Short web captions
_ _ _ _ _

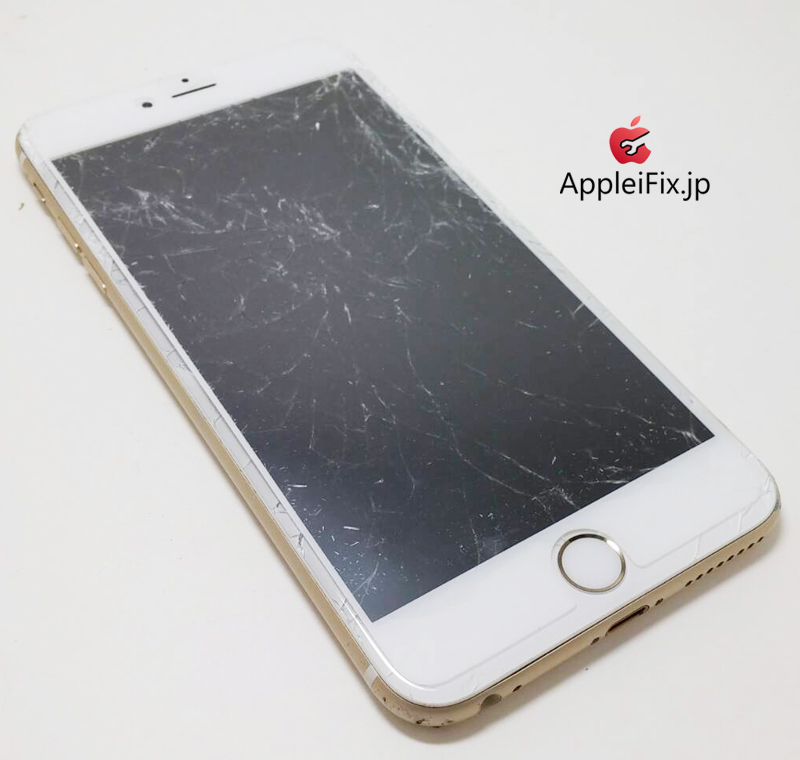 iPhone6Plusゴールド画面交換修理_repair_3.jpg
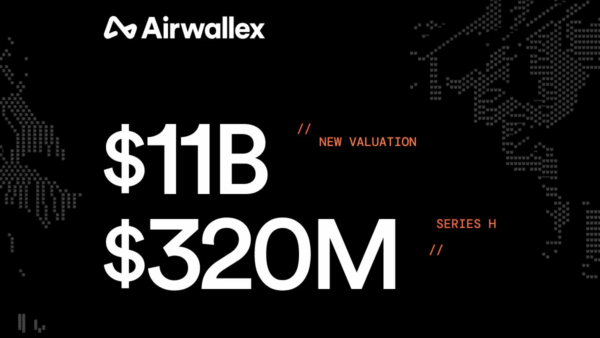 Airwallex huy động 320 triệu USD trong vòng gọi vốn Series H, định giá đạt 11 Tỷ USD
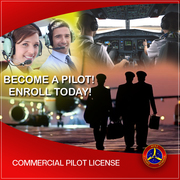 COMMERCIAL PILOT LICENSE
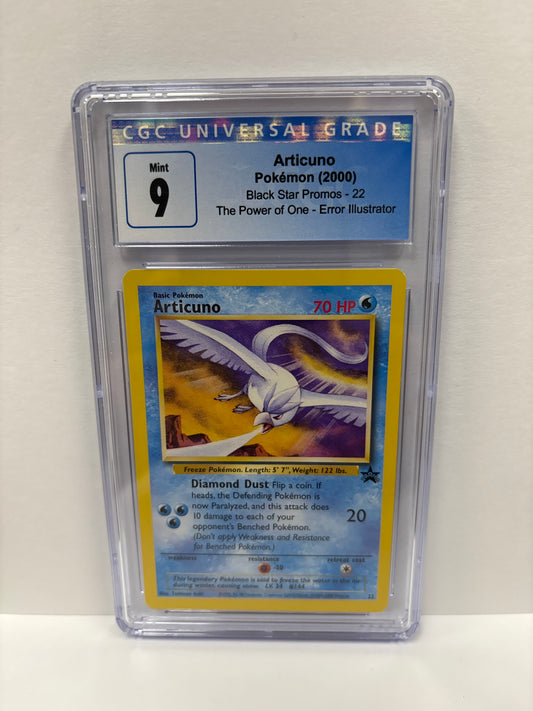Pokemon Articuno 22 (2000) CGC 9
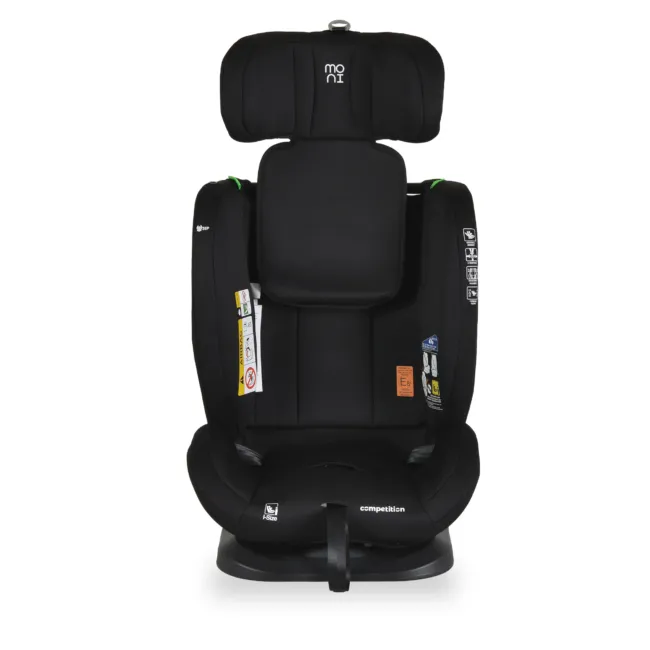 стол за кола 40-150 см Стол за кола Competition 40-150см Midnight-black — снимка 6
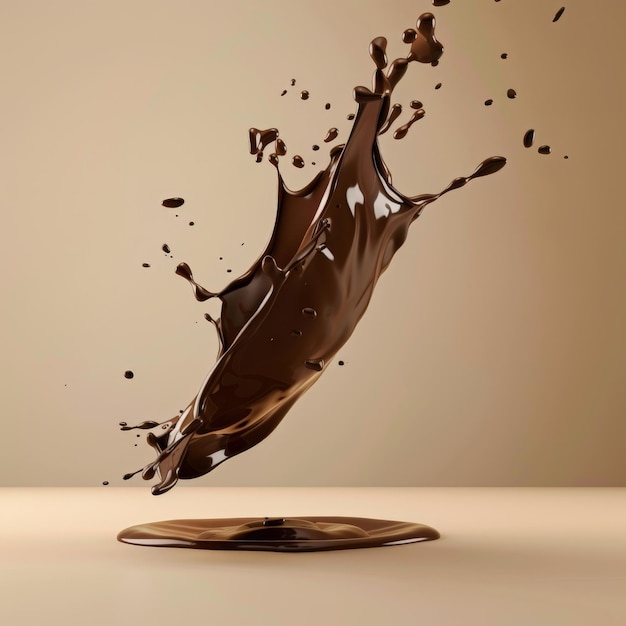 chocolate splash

_ _ _ _ _

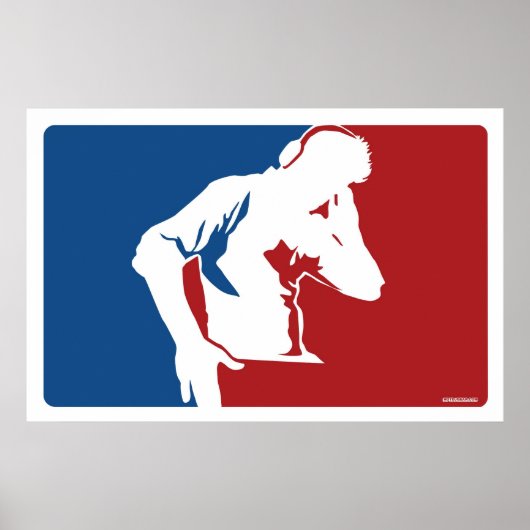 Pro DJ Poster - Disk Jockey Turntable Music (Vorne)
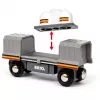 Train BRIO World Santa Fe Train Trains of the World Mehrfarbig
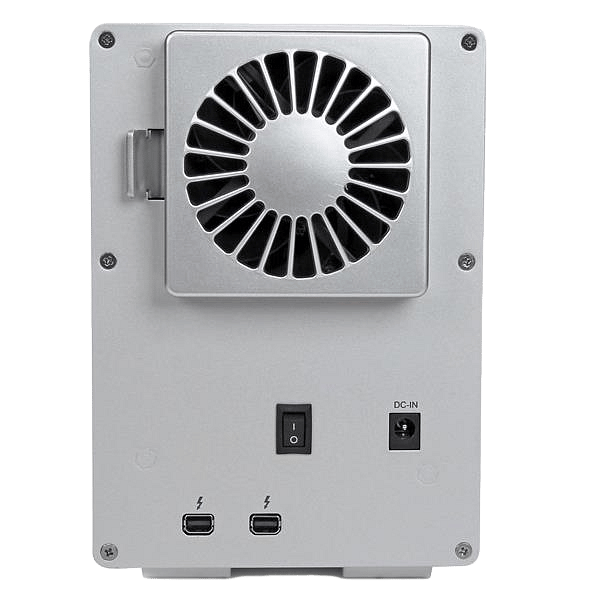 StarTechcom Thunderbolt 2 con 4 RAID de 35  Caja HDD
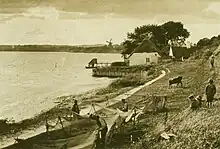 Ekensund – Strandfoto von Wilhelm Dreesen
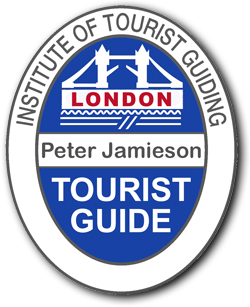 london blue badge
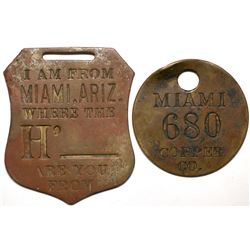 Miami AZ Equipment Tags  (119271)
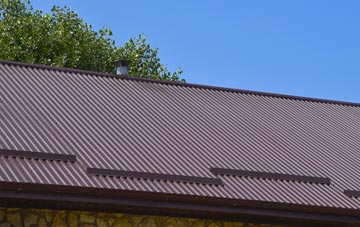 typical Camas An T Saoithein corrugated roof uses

_ _ _ _ _

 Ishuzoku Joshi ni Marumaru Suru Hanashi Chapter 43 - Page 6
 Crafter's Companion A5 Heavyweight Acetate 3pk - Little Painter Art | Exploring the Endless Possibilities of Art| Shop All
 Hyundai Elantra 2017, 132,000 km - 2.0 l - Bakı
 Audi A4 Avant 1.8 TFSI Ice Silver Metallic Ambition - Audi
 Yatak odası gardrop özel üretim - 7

_ _ _ _ _

To do: Reproduce the data above exactly, but only the lines from the one showing "Ekensund – Strandfoto von Wilhelm Dreesen" through the one showing "typical Camas An", with both ends kept and the pictures left out.

Completed task:
 Ekensund – Strandfoto von Wilhelm Dreesen
 london blue badge
 Miami AZ Equipment Tags  (119271)
 typical Camas An T Saoithein corrugated roof uses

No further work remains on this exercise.